*Dataset section*

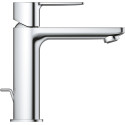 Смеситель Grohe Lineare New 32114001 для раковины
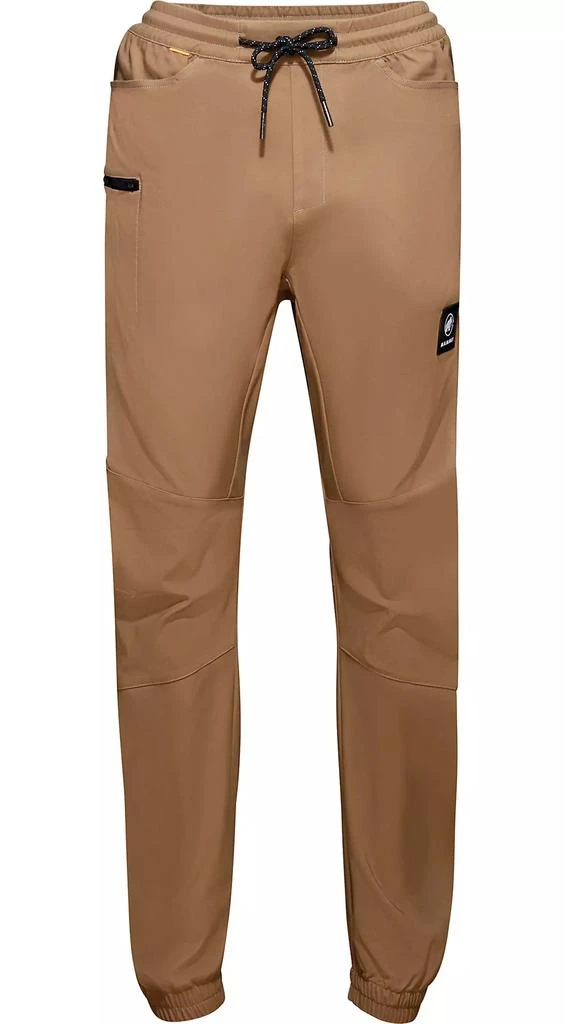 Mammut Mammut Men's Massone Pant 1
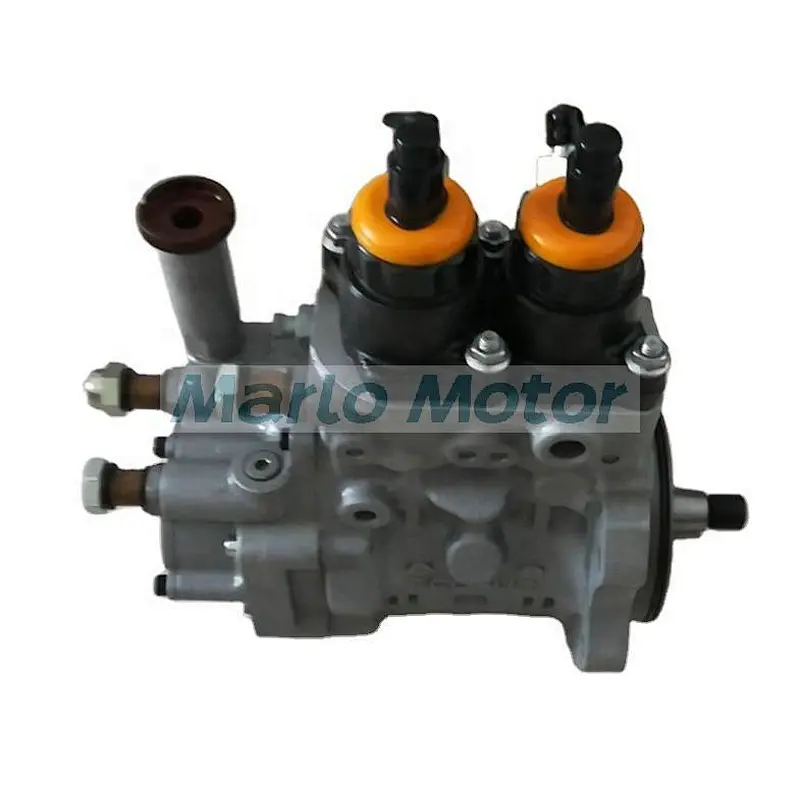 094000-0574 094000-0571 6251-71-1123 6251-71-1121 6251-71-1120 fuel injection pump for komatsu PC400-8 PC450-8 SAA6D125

*Your instructions*
From the first line to the last, retype the data exactly, without images.

*Answer area*
 Смеситель Grohe Lineare New 32114001 для раковины
 Mammut Mammut Men's Massone Pant 1
 094000-0574 094000-0571 6251-71-1123 6251-71-1121 6251-71-1120 fuel injection pump for komatsu PC400-8 PC450-8 SAA6D125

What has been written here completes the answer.